Revenge is not only commonplace, it appears to be coming rather more respectable. A relative of one of the victims of the Bali bombings told this week how he had been fomenting a plan to leap over the dock of the courtroom and "snap the neck" of Amrozi, the perpetrator of the terrible revenge crime, who will soon be shot to death by Indonesian officers of the court.

An American fanatic kills an abortionist, supposedly because killing is wrong, so the state executes him, for the same reason.

A group of mainly Saudi Arabian lunatics fly passenger planes into the Twin Towers, killing 3,000 innocent civilians, in revenge for what American corporate capitalism is doing to poor countries. So America's avowedly Christian president orders the death of more than 10,000 Middle Eastern innocent civilians and tens of thousands of service men and women. The president's men capture 700 men and place them in small cages in Guantanamo Bay, refusing to charge them or allow access to the Red Cross, Amnesty International, family or lawyers. So the spiral grows. What dreadful plots are now brewing to avenge those 700?

Some Palestinians kill some Israelis, so some Israels kill some Palestinians, so some Palestinians kill some Israelis.

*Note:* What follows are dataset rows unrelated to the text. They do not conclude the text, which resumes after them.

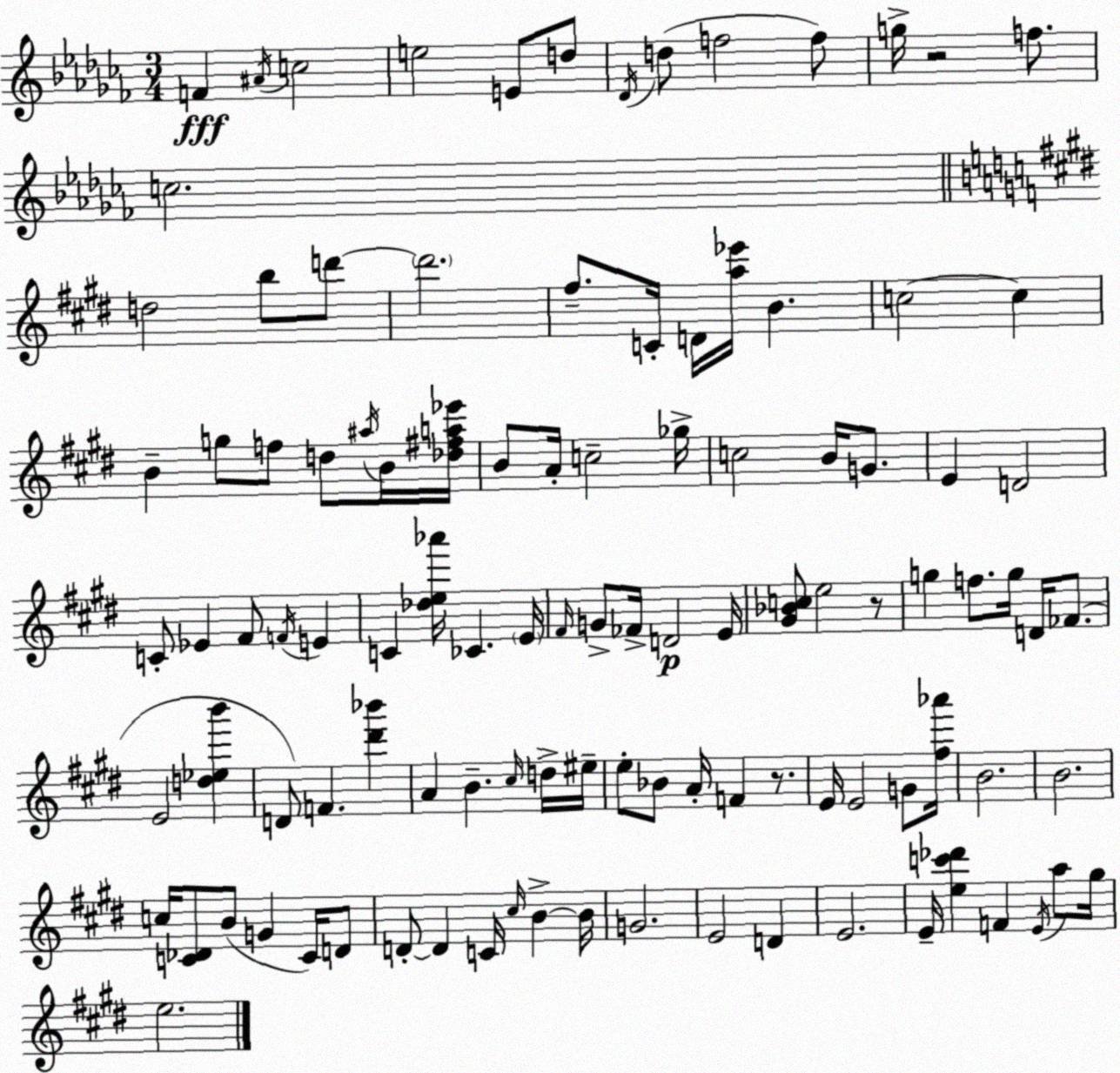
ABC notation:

X:1
T:Untitled
M:3/4
L:1/4
K:Abm
F ^A/4 c2 e2 E/2 d/2 _D/4 d/2 f2 f/2 g/4 z2 f/2 c2 d2 b/2 d'/2 d'2 ^f/2 C/4 D/4 [a_e']/4 B c2 c B g/2 f/2 d/2 ^a/4 B/4 [_d^fa_e']/4 B/2 A/4 c2 _g/4 c2 B/4 G/2 E D2 C/2 _E ^F/2 F/4 E C [_de_a']/4 _C E/4 ^F/4 G/2 _F/4 D2 E/4 [^G_Bc]/2 e2 z/2 g f/2 g/4 D/4 _F/2 E2 [d_eb'] D/2 F [^d'_b'] A B ^c/4 d/4 ^e/4 e/2 _B/2 A/4 F z/2 E/4 E2 G/2 [^f_a']/4 B2 B2 c/4 [C_D]/2 B/2 G C/4 D/2 D/2 D C/4 ^c/4 B B/4 G2 E2 D E2 E/4 [ec'_d'] F E/4 a/2 ^g/4 e2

The immature notion of "an eye for an eye, a tooth for a tooth" ends up with lots of blind, gummy people. Nothing could be more glaringly obvious in our modern world that revenge is not only morally indefensible, revenge is also very stupid. Is there any belief more execrable, more worthy of our attention and committed opposition, than the notion that revenge has a place in human affairs? Whether on the micro or macro scale, revenge, in my opinion, is the number one burning issue of our times.

For that reason, and because it is my conviction that revenge is becoming more acceptable in traditionally Christian nations, that Wilson's Almanac focuses on the topic at every opportunity. Thus I convey news items, few though they may be, whenever I find them, in which people who still have their brains challenge this obvious trend towards mutual slaughter. For if the trend continues, we certainly will all be slaughtered in the most horrible ways. This, in my opinion, is not an exaggeration of the issue; my view comes from observation of changes in public and private behaviours over several decades. Where revenge was once spoken of in ashamed whispers, it is now openly accepted, particularly amongst the young. This we must turn around.

Brother of murdered missionary forgives killers
"The brother of a Queensland missionary who was murdered in India four years ago is calling for the killers to be spared the death penalty.

"Graham Staines, his 10-year-old son Philip and eight-year-old son Timothy were burned to death while they slept in their car in the eastern state of Orissa.

"Thirteen people who were convicted of the murders in an Indian court yesterday could face the death penalty when they are sentenced next week.

"John Staines says he has forgiven the killers and he hopes that they will realise their sins."